The answer, of course, is 45 minutes, because they spend so much time talking to each other.

It's the same in Hollywood. One of the chief ways writers out here occupy their time is by sitting around with each other talking about how awful some other writer's work is.

These kinds of sessions - what I think the Chinese during their Cultural Revolution called "speaking bitterness" - only get really fun if the writer who is being trashed is more successful than any of the writers doing the trashing.

In fact, it's a pretty ironclad formula: the more successful that writer is, the longer and more personal and meaner the conversation gets.

No one plans these things. They just erupt whenever two or more writers get together. And there's no permanent target, either. It's a free-floating anyone-goes kind of shoot-out. Whoever seems to be getting whatever the assembled group thinks is excessive praise or excessive opportunity or, especially, excessive money eventually gets it.

"Have you seen that writer's show," we'll say to each other. "It's basically just the old show from the 50s with the space alien, only this time with a pretty girl."

Or: "Did you see that movie? I mean, seriously? Did anyone here buy that last moment? There was better dialogue in those Star Wars sequels."

And: "Did you read that piece in The New York Times praising it? I guess it's all just, I don't know, working the ego of the critic, but, like, last week? Six hundred thousand people watched that show. That's like, nobody."

And: "The movie made US$50 million dollars and everyone acts like it's a hit. Did you see it? Oh, man. And I heard that guy stole his spec screenplay from his college roommate. No, really, I heard that."

But when these sessions erupt, it's never at the end of a long day of hard work. It's almost always, instead, right in the middle of something. Right in the middle of a rewriting session, or a story conference, or anytime more than one writer is in a room and work is supposed to be getting done.

If given a choice between working on an unfinished project and complaining about another writer who actually finished a project, most writers I know will always choose the latter, because what we always forget - and maybe it's what people forget in every other business, too; I don't know, I don't know any other business - is that the only way to have a really bad television show on the air, or a truly awful movie in the cinemas is, first, you have to write the script.

You have to sit and focus and finish the job and not be distracted by all of the other writers you'd like to complain about. In the middle of a busy day or a complicated rewrite, you have to forgo the perfectly natural psychological impulse to distract yourself from the task, from the uncertainty of the entertainment business, from the very real possibility of failure, by talking trash about a more prolific and focused writer who is getting paid more than you are, to do work you feel is inferior, and put your head down and finish your work.
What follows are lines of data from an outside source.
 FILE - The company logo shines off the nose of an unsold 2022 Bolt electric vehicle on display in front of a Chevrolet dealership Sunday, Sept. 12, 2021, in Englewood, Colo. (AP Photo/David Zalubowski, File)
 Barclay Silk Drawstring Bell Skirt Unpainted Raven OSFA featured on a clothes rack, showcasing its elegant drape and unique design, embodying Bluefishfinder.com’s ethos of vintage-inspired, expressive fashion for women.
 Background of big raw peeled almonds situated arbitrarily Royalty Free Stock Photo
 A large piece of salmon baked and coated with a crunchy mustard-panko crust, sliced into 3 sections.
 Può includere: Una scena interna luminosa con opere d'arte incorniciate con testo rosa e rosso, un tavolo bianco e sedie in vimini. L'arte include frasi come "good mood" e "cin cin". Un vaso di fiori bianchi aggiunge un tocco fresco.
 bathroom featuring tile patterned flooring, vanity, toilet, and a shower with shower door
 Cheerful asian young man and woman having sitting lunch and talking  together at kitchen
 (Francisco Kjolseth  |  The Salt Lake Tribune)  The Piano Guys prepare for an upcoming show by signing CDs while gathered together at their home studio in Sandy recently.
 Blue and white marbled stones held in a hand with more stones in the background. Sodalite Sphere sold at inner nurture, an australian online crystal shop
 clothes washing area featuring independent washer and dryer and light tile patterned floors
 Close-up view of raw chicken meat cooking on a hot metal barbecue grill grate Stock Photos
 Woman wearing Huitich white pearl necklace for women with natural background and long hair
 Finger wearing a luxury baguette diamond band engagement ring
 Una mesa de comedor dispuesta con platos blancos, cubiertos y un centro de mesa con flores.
It is, of course, a lot better to be prolific and focused and also good, but show business - and I'm pretty confident that this holds for every other business, too, now that I think about it - doesn't really require something to be actually good. Prolific and focused is enough.

For most projects in Hollywood, the key is to get it all moving, to get started, to build the sets and hire the crew. Making it good is something that can happen along the way. Or so goes the theory.

In the old days of show business - before movies and television, when everything was performed live onstage — there was something called a Sweat Act. It was a person who wasn't necessarily a terrific singer or dancer or joke teller, but who nevertheless worked really hard. Who raced around the stage. Who sang a bunch of fast-tempo numbers. Who walked onto the stage in a crisp dinner jacket and left it two hours later soaked in sweat after a bunch of dance numbers, some joke telling, a rousing finish, and shaking hands with everyone in the front row.

These performers may not have been good. But they sure were sweaty. And often - even mostly - that's enough.